Pelemahan nilai tukar rupiah terhadap dolar Amerika Serikat hingga menyentuh Rp17.500 per dolar dinilai memberi tekanan nyata bagi industri satelit dalam negeri. Meski demikian, kalangan pengusaha melihat kondisi ini justru dapat menjadi momentum untuk memperkuat manufaktur lokal dan mengurangi ketergantungan pada impor.
Sekretaris Jenderal Asosiasi Satelit Indonesia, Sigit Jatipuro, menilai pelemahan rupiah perlu dibaca sebagai peluang untuk mendorong industrialisasi nasional. Ia menyampaikan pandangan itu dalam Asia Pacific Satellite Conference 2026 di Jakarta, Selasa (12/5/2026).
Industri Satelit dan Rupiah
Pelemahan rupiah berdampak langsung pada industri satelit karena sebagian besar kebutuhan satelit dan ground segment masih dibeli dengan mata uang asing. Kondisi itu membuat biaya produksi meningkat dan menekan ruang gerak pelaku usaha di dalam negeri.
Menurut Sigit, Indonesia sebenarnya memiliki posisi yang cukup kuat di tingkat Asia Tenggara. Namun, jika dibandingkan dengan negara-negara lain di Asia, daya saing industri satelit nasional masih tertinggal.
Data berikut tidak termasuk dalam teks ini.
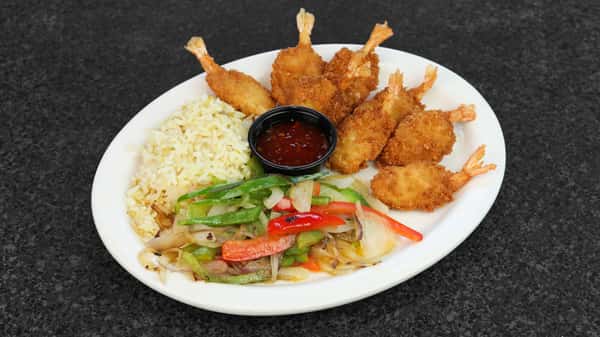 SWEET CHILI SHRIMP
Ia menilai tekanan kurs tidak semestinya dipandang hanya sebagai beban. Sebaliknya, kondisi tersebut harus menjadi pengingat bahwa ekosistem teknologi nasional perlu diperkuat sejak sekarang.
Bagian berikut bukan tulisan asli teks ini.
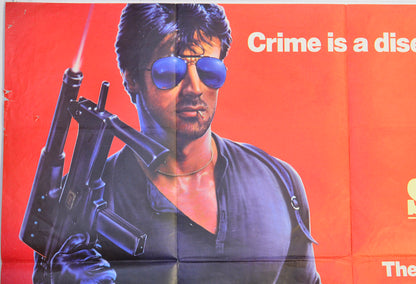 COBRA (Top Left) Cinema Quad Movie Poster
Peluang Industri Satelit Lokal
Sigit menjelaskan, ketika dolar menguat, sektor yang berorientasi ekspor biasanya justru diuntungkan. Biaya produksi dibayar dalam rupiah, sementara pendapatan diterima dalam dolar Amerika Serikat.
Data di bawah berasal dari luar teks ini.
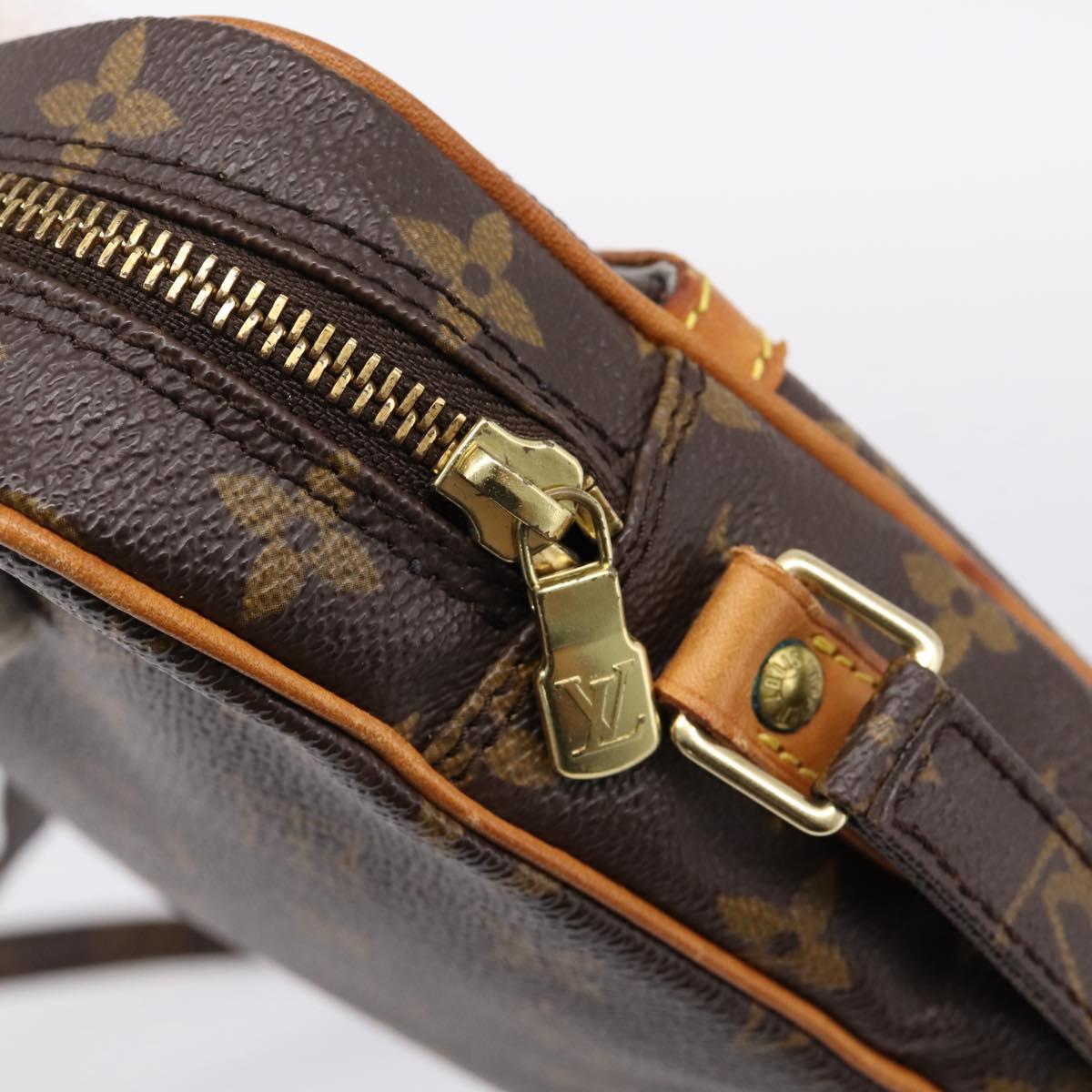 LOUIS VUITTON Monogram Danube Shoulder Bag M45266 LV Auth 204588A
Dalam situasi seperti ini, selisih kurs dapat menjadi tambahan margin bagi industri lokal. Karena itu, pelemahan rupiah berpotensi membuka ruang lebih besar bagi produsen dalam negeri untuk tumbuh.
Ia menekankan bahwa momentum tersebut harus dimanfaatkan untuk membangun rantai pasok nasional. Dengan begitu, kebutuhan industri satelit tidak terus bergantung pada produk impor yang rentan terhadap gejolak kurs.
Investasi Industri Satelit
Di tengah melambatnya investasi asing, Sigit mendorong investor domestik untuk mengambil peran lebih besar. Menurutnya, inilah saat yang tepat untuk memperkuat local investing di sektor teknologi dan satelit nasional.
Ia menilai pasar domestik dapat menjadi tahap awal pengembangan industri. Setelah basis produksi terbentuk, pelaku usaha bisa mulai melangkah ke pasar ekspor.
Strategi itu dinilai lebih realistis untuk membangun kemandirian industri secara bertahap. Selain memperkuat pasar dalam negeri, pendekatan tersebut juga membuka peluang pertumbuhan yang lebih berkelanjutan.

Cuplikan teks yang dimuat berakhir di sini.